The real question isn't whether public broadcasting can survive without federal funding but what the cost will be if it loses it, Joyce Slocum wrote in a commentary published by The Hill.
The House Thursday passed a bill that would defund public broadcasting on a 228-192 vote.
Senate Majority Leader Harry Reid, D-Nev., didn't say whether the Senate would take up the legislation but indicated he didn't support it, The Hill reported.
"Public radio and the top-notch journalists it employs are valuable resources to people of all ages across the country and I can't understand why Republicans would want to take that away from them," Reid said in a statement.
The White House said the administration "strongly opposes" the bill.
"Eliminating federal funding would seriously damage public broadcasting and harm millions of Americans who rely on us.
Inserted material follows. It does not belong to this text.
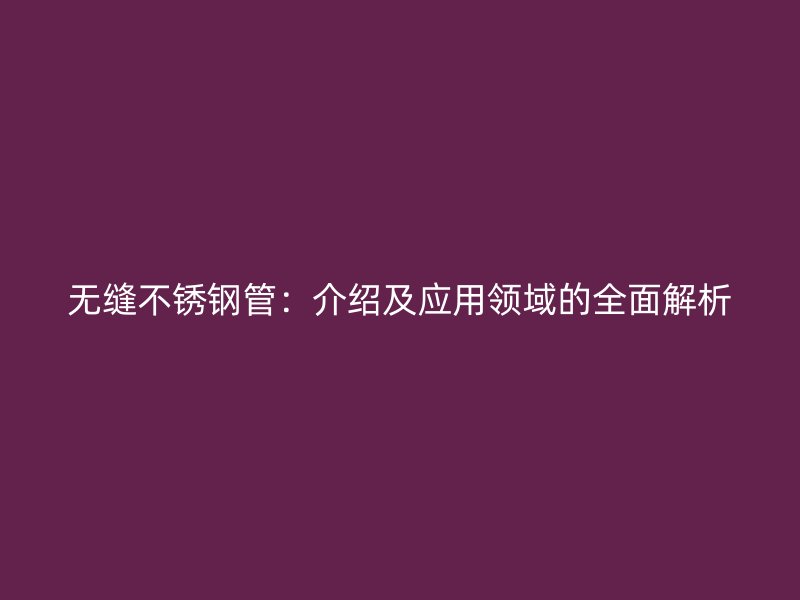 无缝荣耀官方官网入口管：介绍及应用领域的全面解析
Period," Slocum wrote, saying it would mean fewer stations, fewer programs, less news produced and the elimination of thousands of jobs.
Defunding public radio "would cause a significant number of small NPR member stations to turn off their microphones, shut down their transmitters and close the door permanently," she said.
NPR's success can be partially attributed to the investment made by Congress and the public in public media and leveraging that investment to build other sources, such as listeners, corporate underwriters and philanthropic entities, Slocum said.
Public radio sometimes is the only radio station available in some rural areas and provides a "communications lifeline" during natural disasters and emergencies, she said.
"With the nation facing continuing economic uncertainty, it is both right and necessary to scrutinize all federal spending," Slocum said. "But if the public value for the money spent is the prism through which spending decisions are made, public broadcasting is a strong investment in America's future."